----- Supplied data

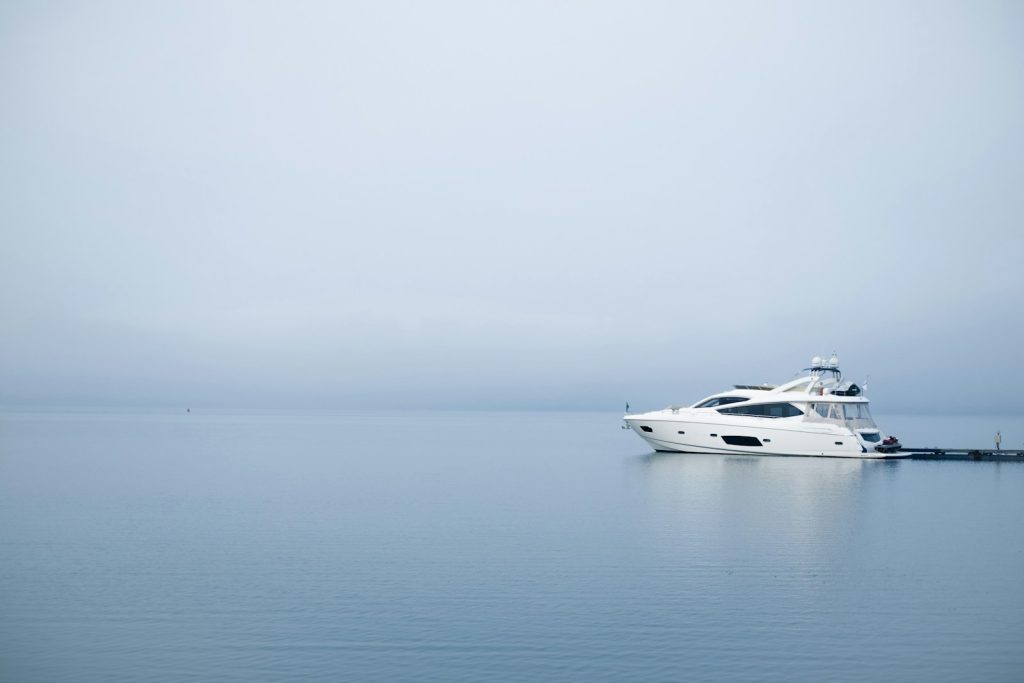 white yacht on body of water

----------
----- Supplied data

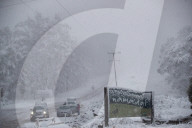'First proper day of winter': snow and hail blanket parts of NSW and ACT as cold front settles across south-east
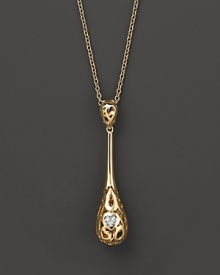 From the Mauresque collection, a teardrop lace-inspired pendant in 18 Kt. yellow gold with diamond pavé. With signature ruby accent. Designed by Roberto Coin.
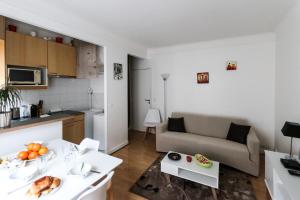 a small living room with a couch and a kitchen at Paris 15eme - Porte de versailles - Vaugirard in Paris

----------

_Your task_: Give again, exactly as written above, each line from the one that has "settles across south-east" to the one that has "a small living", both included; omit the pictures.

_Finished exercise_:
'First proper day of winter': snow and hail blanket parts of NSW and ACT as cold front settles across south-east
 From the Mauresque collection, a teardrop lace-inspired pendant in 18 Kt. yellow gold with diamond pavé. With signature ruby accent. Designed by Roberto Coin.
 a small living room with a couch and a kitchen at Paris 15eme - Porte de versailles - Vaugirard in Paris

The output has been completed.